The graphs include the nominal (MoU pledges) and the installed capacity both including the standard efficiency factors (cpu: 85%, disk:70%, tape:100%).

 

Comments at the MB

 

From the graphs one can see that many sites have not been fully utilized by the experiments in the first quarter. But in May the usage has increased considerably.

 

J.Templon showed the graphs of the SARA-NIKHEF utilization for the month of April:

http://www.nikhef.nl/grid/stats/ndpf-prd/voview-long

 

The CERN disk storage usage is a fraction of what is in reality used, because only the usage from Castor 2 is accounted, not the usage on disks still under Castor1.

 

The accounting reports for Tier-2s will be sent when it becomes clear which Tier-2 s participate in Service Challenge 4.

 

Decision:

The MB agreed to make this accounting information public.

 

Action:

The sites should send the accounting data for May before 16 June 2006.

 

 

6.      SAME results for May (tables) - P. Nyczyk

 

The tables attached show the availability of CERN and of the Tier-1 sites as monitored by the SAM (renamed from SAME, previously SFT) system.

 

The tests are performed at regular fixed periods. When a test fails it is not retried more frequently and the service is considered down until the next successful execution. SAM will repeat failed tests more frequently in the future, but this feature is not yet in operation.

 

Service downtime includes both scheduled and unscheduled downtime periods. The SAM monitoring is currently used to check “availability” and not reliability of the sites. The MB agreed that in the future scheduled and pre-announced downtime could be presented in different ways than unscheduled unavailability.

 

Comments at the MB

 

CERN commented that the low values on the period 23-25 May 2006 were due only to one missing certificate (to NDGF) and that all other services and connections were fully operational to the other 10 Tier-1 sites.

 

BNL have not deployed the CE and this makes the SAM test fail. NDGF should get into the standard deployment as the other sites.

 

The exact description and results of all these tests are available daily on the SAM site (a certificate is needed).

See: https://lcg-sam.cern.ch:8443/sam/sam.cgi

 

The MB in principle is not against making these values public in the future. But for now it should be limited to the MB members until the reasons of the downtimes can be commented and explained by the site. The usage of these tests and their results should be discussed during the Operations Workshop (19 June2006). It was also noted that the SAM values are anyway already available via the EGEE reports.

 

Action:

30 Jun 2006 - P.Nyczyk should compile a web page with the description of each SAM test. This had already been done - see email; from L.Robertson on 7 June

-          The web page http://lxb2063.cern.ch:8080/sqldb/site_avail.xsql allows you to extract the daily availability data by VO, site and time period.

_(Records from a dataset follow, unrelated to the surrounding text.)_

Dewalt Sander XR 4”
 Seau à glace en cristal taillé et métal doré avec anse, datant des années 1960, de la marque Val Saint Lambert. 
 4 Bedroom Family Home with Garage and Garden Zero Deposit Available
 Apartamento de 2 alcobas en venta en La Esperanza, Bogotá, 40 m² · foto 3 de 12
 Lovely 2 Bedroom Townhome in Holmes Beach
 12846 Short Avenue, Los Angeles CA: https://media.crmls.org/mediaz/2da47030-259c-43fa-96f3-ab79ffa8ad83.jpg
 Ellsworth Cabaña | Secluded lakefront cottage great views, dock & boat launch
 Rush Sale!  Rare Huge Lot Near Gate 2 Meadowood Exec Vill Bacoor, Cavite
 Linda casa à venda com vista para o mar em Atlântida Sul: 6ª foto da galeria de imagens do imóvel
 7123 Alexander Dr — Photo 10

-          The test sets used to calculate availability are:  CE, SE, site_BDII. The details of these tests can be found via the main SAM page https://lcg-sam.cern.ch:8443/sam/sam.cgi - select the test set (sBDII, CE or SE) and then click ShowSensorTests 

 

Action:

13 Jun 2006 - I.Bird to add the “discussion on the SAM tests and results” to the Operations Workshop agenda.

 

 

7.      AOB

 

7.1         Internal Review Questionnaires

The MB suggested that the questionnaire filled by the sites should be only available to the reviewers.

But the decision will be done by the GDB of the following day.

 

 

8.      Summary of New Actions

 

 

Action:

15 Jun 2006 - D.Liko to distribute the Job Priority WG report to the MB.

 

Action:

The sites should send the accounting data for May before 16 June 2006.

 

Action:

13 Jun 2006 - I.Bird to add the “discussion on the SAM tests and results” to the Operations Workshop agenda.

 

 

 

The full Action List, current and past items, will be in this wiki page before next MB meeting.